NWB File Basics

This example will focus on the basics of working with an NWBFile object, including writing and reading of an NWB file, and giving you an introduction to the basic data types. Before we dive into code showing how to use an NWBFile, we first provide a brief overview of the basic concepts of NWB. If you are already familiar with the concepts of TimeSeries and Processing Modules, then feel free to skip the Background: Basic concepts part and go directly to The NWB file.

Background: Basic concepts

In the NWB Format, each experimental session is typically represented by a separate NWB file. NWB files are represented in PyNWB by NWBFile objects which provide functionality for creating and retrieving:

  • TimeSeries datasets, i.e., objects for storing time series data

  • Processing Modules, i.e., objects for storing and grouping analyses, and

  • experimental metadata and other metadata related to data provenance.

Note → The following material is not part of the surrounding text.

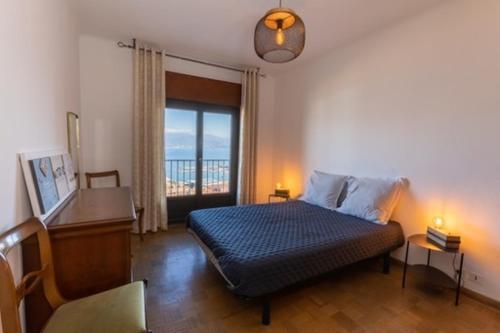 Schlafzimmer mit einem Bett, einem Schreibtisch und einem Fenster in der Unterkunft appartement avec vue mer exceptionnelle in Ajaccio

The following sections describe the TimeSeries and ProcessingModules classes in further detail.

TimeSeries

TimeSeries objects store time series data and correspond to the TimeSeries specifications provided by the NWB Format . Like the NWB specification, TimeSeries Python objects follow an object-oriented inheritance pattern, i.e., the class TimeSeries serves as the base class for all other TimeSeries types, such as, ElectricalSeries, which itself may have further subtypes, e.g., SpikeEventSeries.

See also

For your reference, NWB defines the following main TimeSeries subtypes:

Processing Modules

Processing modules are objects that group together common analyses done during processing of data. Processing module objects are unique collections of analysis results. To standardize the storage of common analyses, NWB provides the concept of an NWBDataInterface, where the output of common analyses are represented as objects that extend the NWBDataInterface class. In most cases, you will not need to interact with the NWBDataInterface class directly. More commonly, you will be creating instances of classes that extend this class.

See also

For your reference, NWB defines the following main analysis NWBDataInterface subtypes:

Note

In addition to NWBContainer, which functions as a common base type for Group objects, NWBData provides a common base for the specification of datasets in the NWB format.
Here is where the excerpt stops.